Zwitserland sluit zich aan bij de paspoortvrije Schengen-zone (en)
Auteur: | By Lisbeth Kirk
While Ireland, the UK and the ten new EU members remain outside the passport-free Schengen zone, Switzerland yesterday (26 October) signed up to join.
Switzerland will be the third non-EU country to join Schengen. Iceland and Norway are already members.
The name "Schengen" originates from a small town in Luxembourg where seven European Union countries signed a treaty, in June 1985, to end internal border checkpoints and controls.
Switzerland signed a total of nine agreements with the European Union at the ceremony in Luxembourg, including an important deal on savings tax.

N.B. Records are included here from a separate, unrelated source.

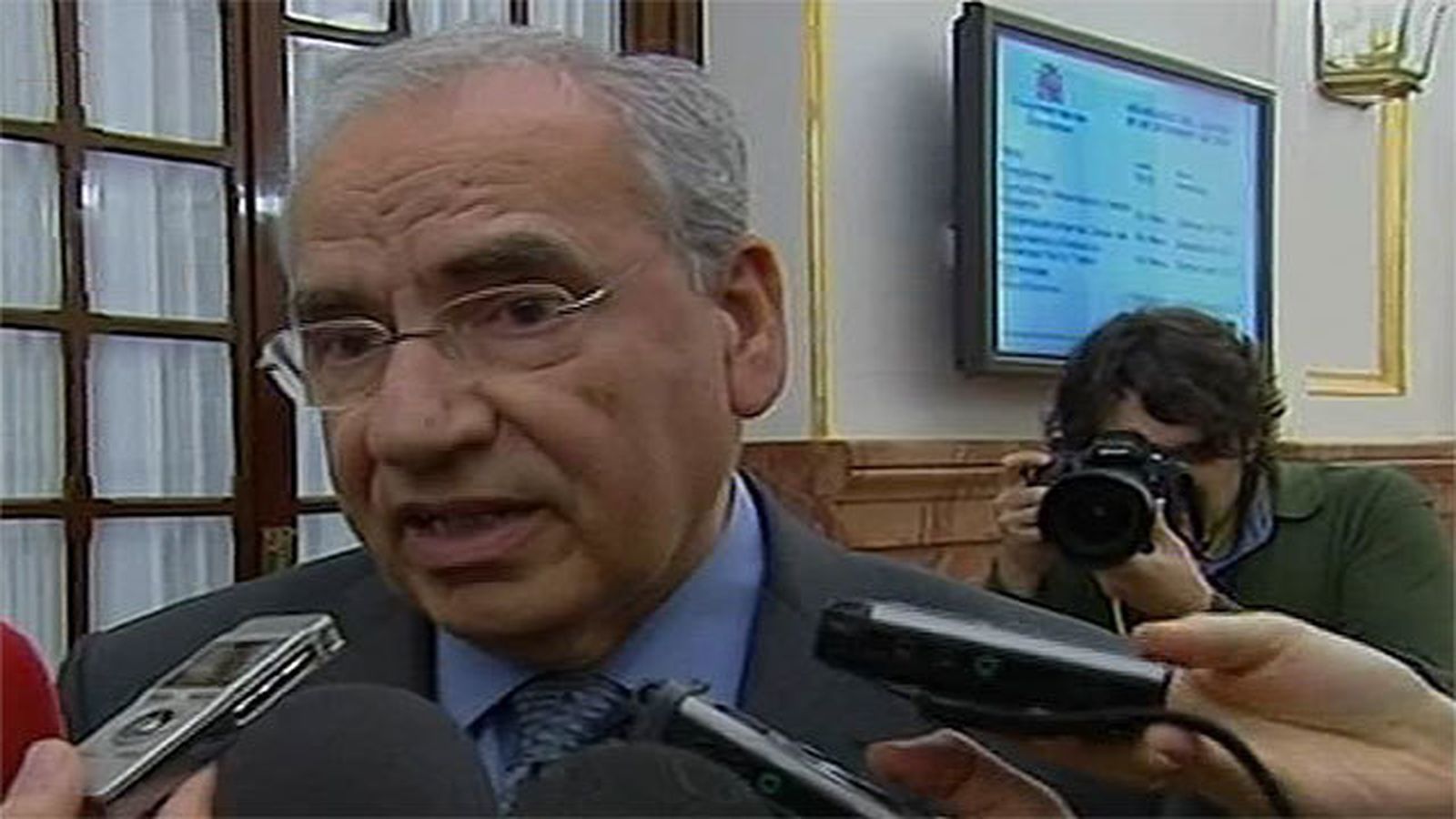 Guerra propone una abstención colectiva de todos como un acto de "responsabilidad"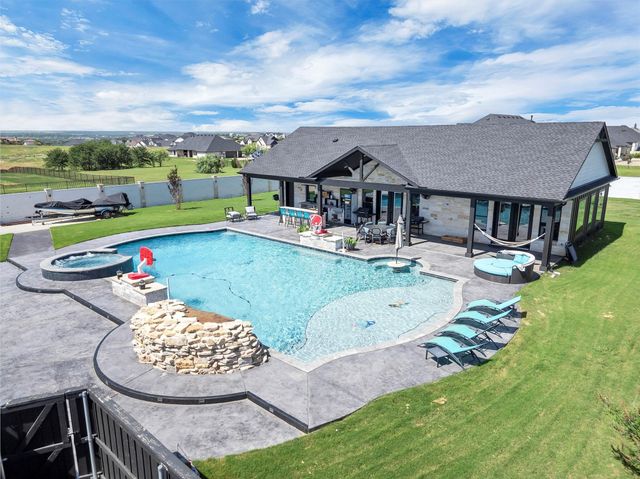 12012 Bella Vino Drive, Fort Worth, TX 76126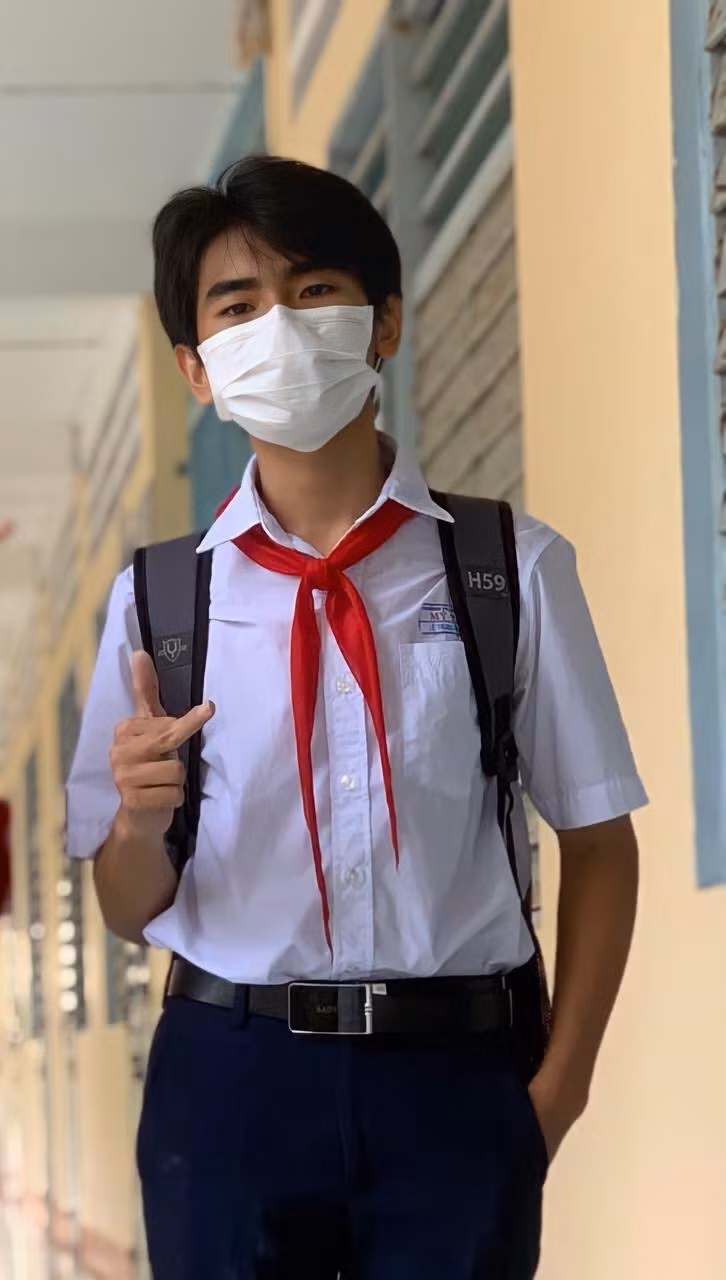 Trung Nghĩa quyết định "gắn bó" với tổ hợp tự nhiên để chuẩn bị cho kỳ thi đại học. Ảnh: NVCC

The deal secures the EU's 25 member states access to untaxed cash deposited in Swiss banks by sharing bank details, or by Switzerland withholding a 35 percent tax on savings income and transferring 75% of the revenue of this tax to the investor's state of residence - allowing the Swiss to maintain banking secrecy.
The Swiss President Joseph Deiss and foreign minister Micheline Calmy-Rey attended the ceremony in Luxembourg.
They also signed up to the system for the comparison of fingerprints of asylum applicants and illegal immigrants, known as 'Eurodac' and to the Dublin Convention making it possible to determine the State responsible for examining the asylum applications.